James once related that Dave Cash, who succeeded Mazeroski at second base, had no problem at all waiting around for Mazeroski’s age to overthrow him at long enough last. “Actually,” he quoted Cash as saying, “I learned a lot from Mazeroski.”
He’s a real man, and one of the things he taught me was to keep things in perspective. Maz didn’t make many errors, and he hardly ever made any bad plays, but when he did, he didn’t let it bother him. He was always the same, whether things were going good, bad, or indifferently.
A man that sanguine, whether playing second base or teaching it (as he did for numerous years to follow as a Pirates spring training instructor) is going to make short and sweet work of his Hall of Fame induction speech. That’s exactly what Mazeroski did when his (long overdue) time came, shamelessly letting emotion come forth before he finished:
I think defense belongs in the Hall of Fame. Defense deserves as much credit as pitching and I’m proud to be going in as a defensive player. I want to thank the Veterans Committee for getting me here. I thought when the Pirates retired my number [9] that would be the greatest thing ever to happen to me. I don’t think I’m gonna make it, I want to thank everyone who made the trip up here to listen to all this crap …Thank you to everybody.
As had been so while turning 1,706 double plays (it’s still a major league record), Mazeroski’s timing couldn’t have been more perfect.

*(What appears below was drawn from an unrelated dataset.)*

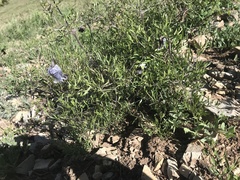 Clematis hirsutissima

Just a year after he pronounced defense as Hall of Fame important in its own right, the platinum standard for shortstops, Ozzie Smith, was inducted.
We can allow thoughts of Maz and The Wiz in the same middle infield in our imaginations alone. But boy, what those imaginations would show us, to the chagrin of a few too many hitters learning the hard way how easy it isn’t to sneak something past them.
Worry not that Mazeroski reunited with his beloved wife in the Elysian Fields will drive her mad all over again. Milene Nicholson met him when she worked in the Pirates front office and married him in 1958. They were a couple until she preceded him to the Fields two years ago. Rest assured she’s kept the gloves ready for him near second base.